# Assigned task:
Given the records below, would you repeat exactly the lines that begin at the one containing "Maison a vendre" and end at the one containing "Tiny Private Room", inclusive?

# Entries shown:
· · · · · · ·

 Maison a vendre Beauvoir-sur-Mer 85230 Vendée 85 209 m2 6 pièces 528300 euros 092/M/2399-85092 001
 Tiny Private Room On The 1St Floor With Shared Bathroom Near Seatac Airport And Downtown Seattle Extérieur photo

· · · · · · ·

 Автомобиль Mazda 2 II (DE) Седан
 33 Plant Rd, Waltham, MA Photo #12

· · · · · · ·

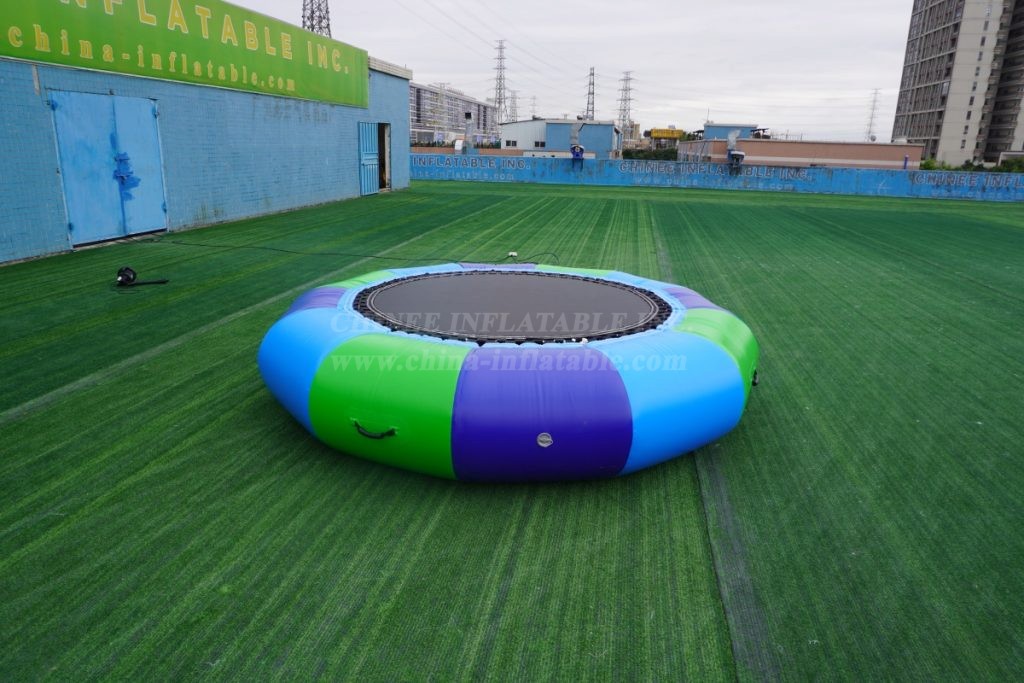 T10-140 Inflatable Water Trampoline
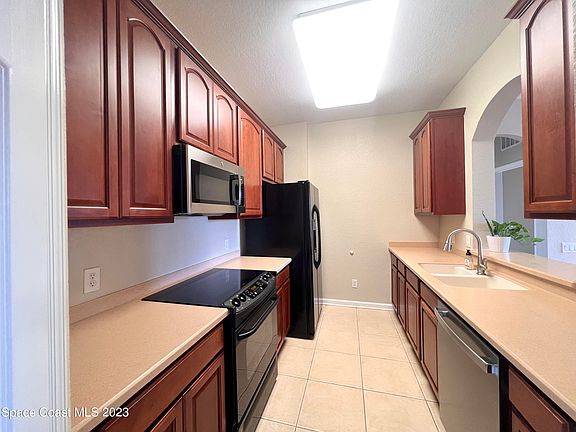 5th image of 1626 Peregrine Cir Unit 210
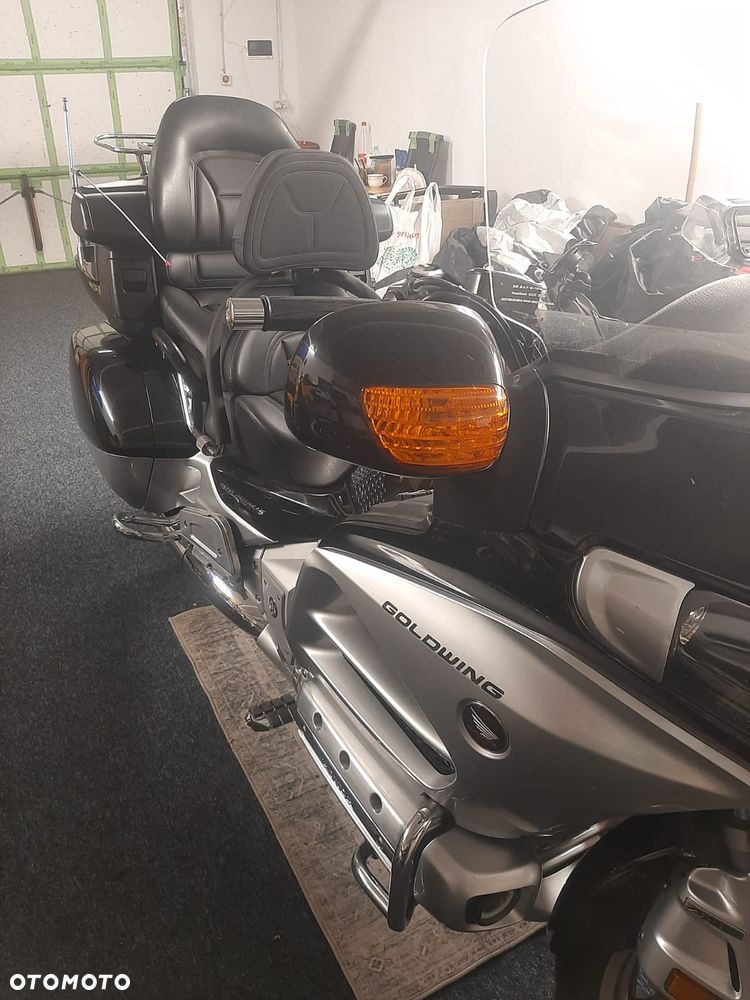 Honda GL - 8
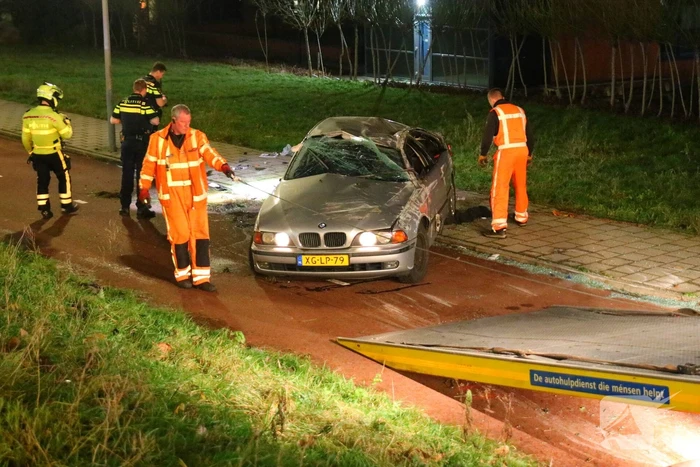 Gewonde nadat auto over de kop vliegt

· · · · · · ·

# Exercise result:
 Maison a vendre Beauvoir-sur-Mer 85230 Vendée 85 209 m2 6 pièces 528300 euros 092/M/2399-85092 001
 Tiny Private Room On The 1St Floor With Shared Bathroom Near Seatac Airport And Downtown Seattle Extérieur photo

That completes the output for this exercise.